◆ Directions for this task
Starting with the line that has "Silvercrest Espresso kávovar SEMM 1470 - 5" and finishing with the line that has "Gucci GG1583S 002", set down each line below exactly. Pictures are not copied.
········
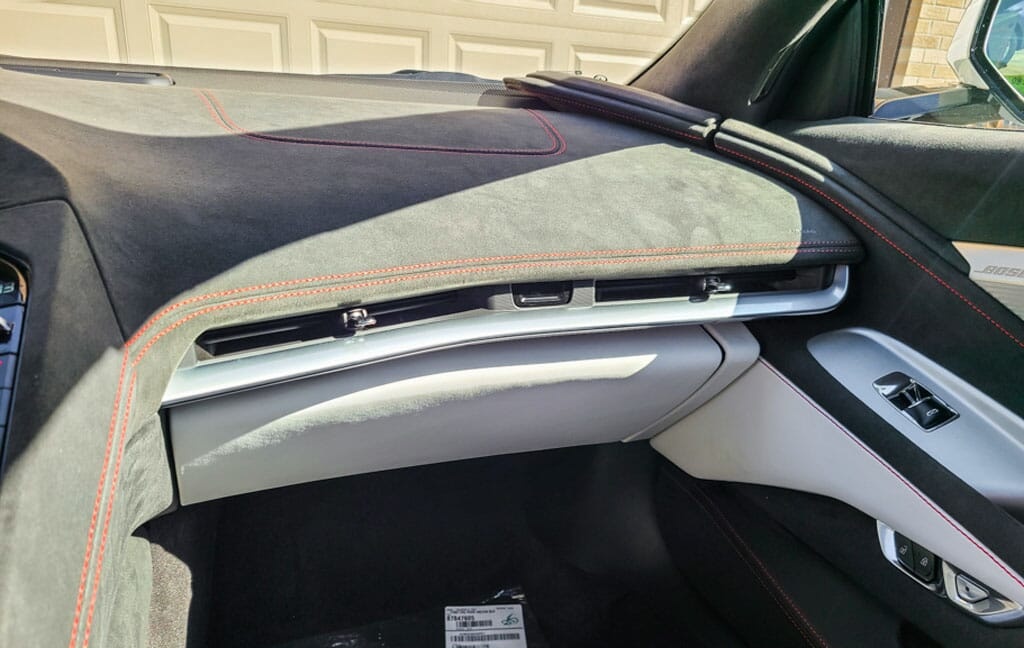 2023 Chevrolet Corvette Coupe 3LT 70th Anniversary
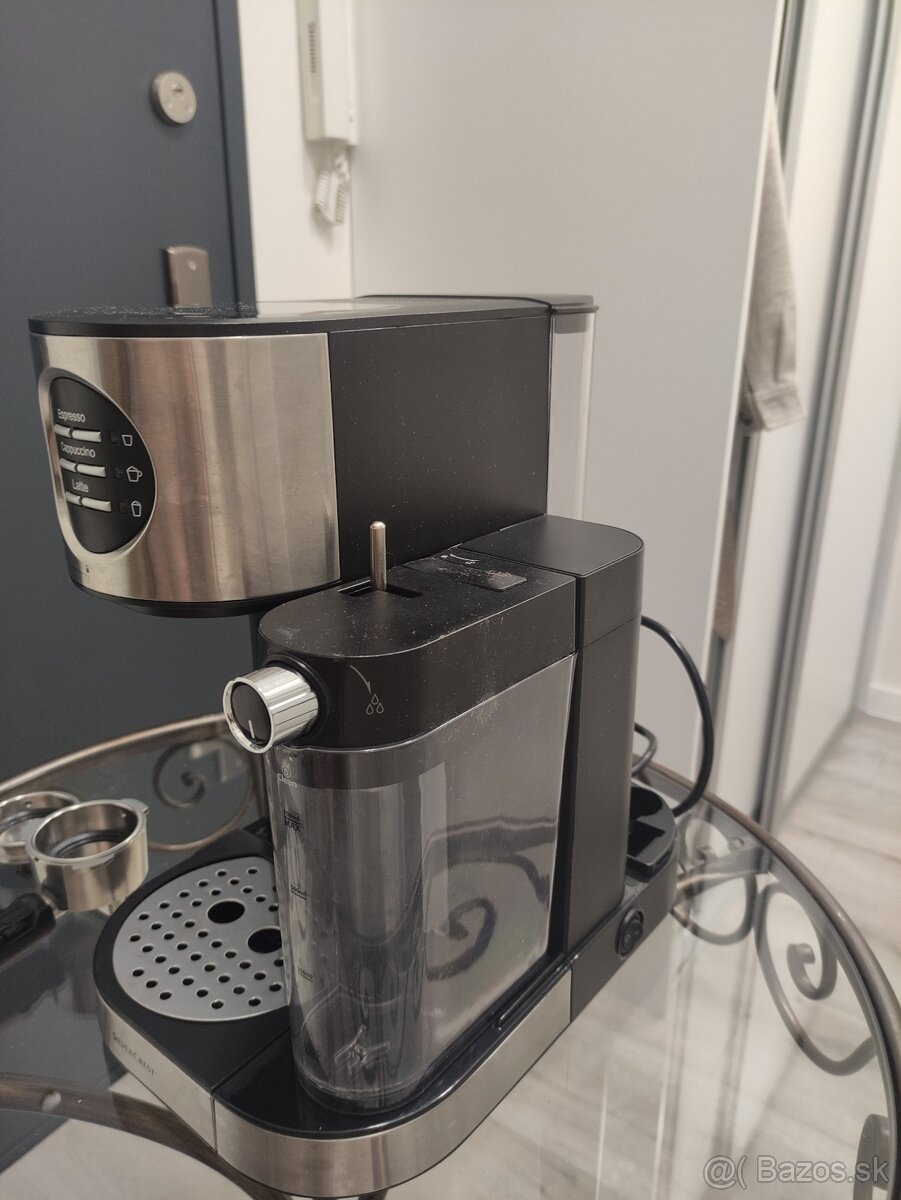 Silvercrest Espresso kávovar SEMM 1470 - 5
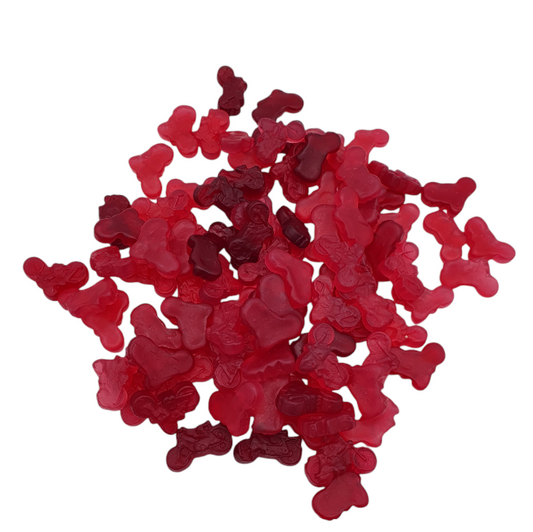 Puch & Tomos Winegums 250 Gram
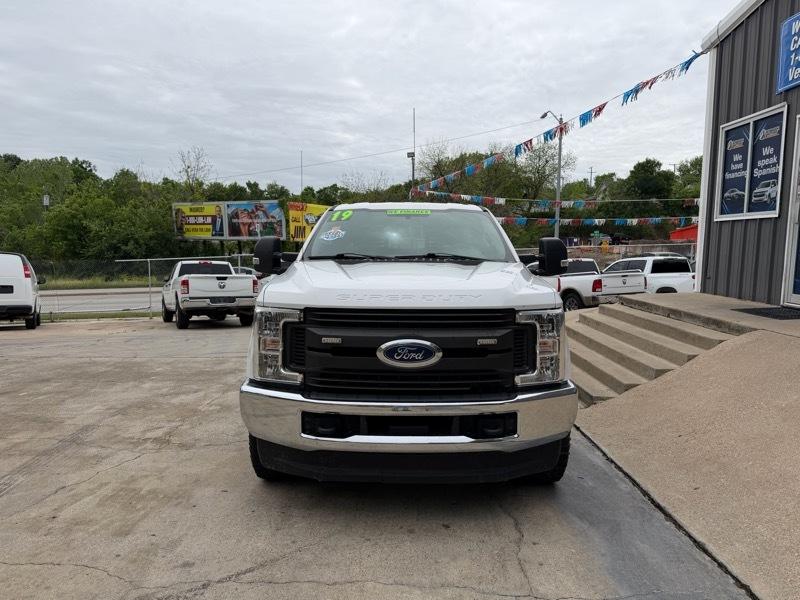 Ford F-250 SD XL Crew Cab 4WD 2019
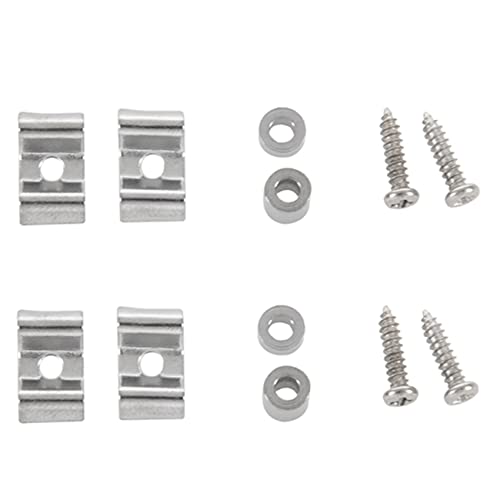 WanShi 2X Kit de árvore de corda pura vintage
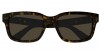 Gucci GG1583S 002 havana havana brown, 245,00 €, Occhiali Gucci Marrone a forma Rettangolare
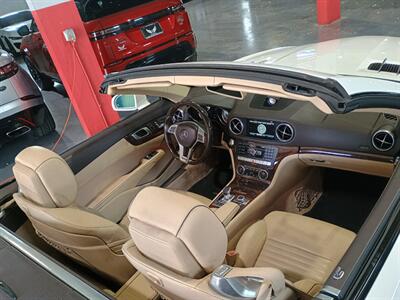 2015 Mercedes-Benz SL 400   - Photo 5 - Boca Raton, FL 33431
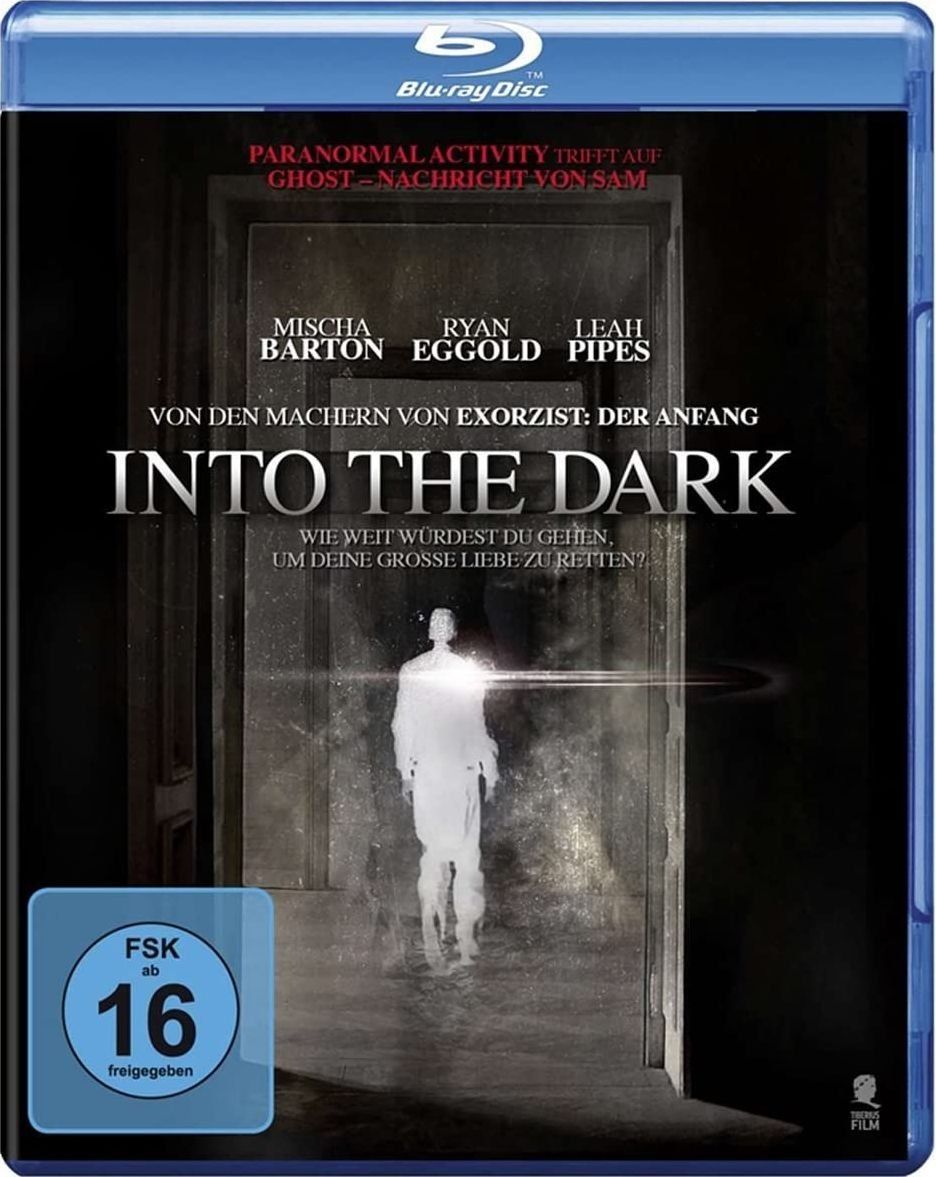 Alle DVDs: Into The Dark (2012) Mischa Barton/Ryan Eggold/Leah Pipes/BD – Gebraucht aus Volketswil von cinephilia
········
◆ Result of the task
 Silvercrest Espresso kávovar SEMM 1470 - 5
 Puch & Tomos Winegums 250 Gram
 Ford F-250 SD XL Crew Cab 4WD 2019
 WanShi 2X Kit de árvore de corda pura vintage
 Gucci GG1583S 002 havana havana brown, 245,00 €, Occhiali Gucci Marrone a forma Rettangolare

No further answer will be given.